What the task asks: Report how many lines in the records below contain the word "White". Nothing else belongs in the answer.

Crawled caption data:
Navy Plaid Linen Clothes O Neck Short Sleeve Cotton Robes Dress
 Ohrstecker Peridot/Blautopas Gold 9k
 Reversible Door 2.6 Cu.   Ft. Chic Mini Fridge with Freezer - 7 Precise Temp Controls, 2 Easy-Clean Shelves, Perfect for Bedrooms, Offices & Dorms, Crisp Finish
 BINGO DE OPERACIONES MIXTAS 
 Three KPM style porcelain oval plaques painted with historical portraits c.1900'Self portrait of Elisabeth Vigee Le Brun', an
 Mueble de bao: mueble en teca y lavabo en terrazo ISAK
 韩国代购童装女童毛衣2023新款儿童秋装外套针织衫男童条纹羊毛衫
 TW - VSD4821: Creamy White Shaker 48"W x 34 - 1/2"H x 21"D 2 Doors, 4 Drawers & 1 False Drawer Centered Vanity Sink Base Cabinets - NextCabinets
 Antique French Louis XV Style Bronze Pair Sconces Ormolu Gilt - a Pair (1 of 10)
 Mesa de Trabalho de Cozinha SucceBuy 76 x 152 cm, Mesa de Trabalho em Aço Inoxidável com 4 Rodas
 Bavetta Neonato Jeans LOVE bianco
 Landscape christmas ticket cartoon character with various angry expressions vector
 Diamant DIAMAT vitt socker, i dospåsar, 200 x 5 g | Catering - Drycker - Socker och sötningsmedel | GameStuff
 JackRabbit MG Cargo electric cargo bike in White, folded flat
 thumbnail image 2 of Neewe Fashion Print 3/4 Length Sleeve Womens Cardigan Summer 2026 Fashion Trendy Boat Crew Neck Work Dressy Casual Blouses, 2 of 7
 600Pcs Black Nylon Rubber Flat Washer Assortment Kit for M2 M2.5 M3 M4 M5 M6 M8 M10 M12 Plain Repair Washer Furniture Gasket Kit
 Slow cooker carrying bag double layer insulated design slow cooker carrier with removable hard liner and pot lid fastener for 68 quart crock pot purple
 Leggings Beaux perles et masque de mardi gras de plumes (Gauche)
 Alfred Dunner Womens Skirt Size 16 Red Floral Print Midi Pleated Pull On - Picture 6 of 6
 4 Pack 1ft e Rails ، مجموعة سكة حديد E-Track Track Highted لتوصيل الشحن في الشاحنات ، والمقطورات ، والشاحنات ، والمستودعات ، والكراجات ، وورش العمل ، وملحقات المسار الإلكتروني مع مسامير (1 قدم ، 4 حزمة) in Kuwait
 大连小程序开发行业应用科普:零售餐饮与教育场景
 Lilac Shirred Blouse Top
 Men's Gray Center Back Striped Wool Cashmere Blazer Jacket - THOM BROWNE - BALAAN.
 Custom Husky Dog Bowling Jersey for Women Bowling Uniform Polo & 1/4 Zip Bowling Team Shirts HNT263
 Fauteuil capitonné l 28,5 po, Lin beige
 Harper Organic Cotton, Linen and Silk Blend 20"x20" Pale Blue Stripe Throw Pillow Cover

Exercise output: 2